Input data –
↓↓↓

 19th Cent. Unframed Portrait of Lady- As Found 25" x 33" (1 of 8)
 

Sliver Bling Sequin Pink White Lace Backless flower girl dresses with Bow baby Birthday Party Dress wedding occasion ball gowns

↑↑↑
↓↓↓

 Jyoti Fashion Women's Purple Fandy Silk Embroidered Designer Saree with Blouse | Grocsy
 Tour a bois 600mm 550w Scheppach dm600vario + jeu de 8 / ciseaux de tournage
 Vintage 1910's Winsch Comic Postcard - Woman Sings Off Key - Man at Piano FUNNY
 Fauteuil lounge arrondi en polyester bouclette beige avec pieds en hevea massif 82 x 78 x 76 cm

↑↑↑

What to do –
Going through the listing above line by line, tally those containing "with" and state only the total.

Result for this exercise –
2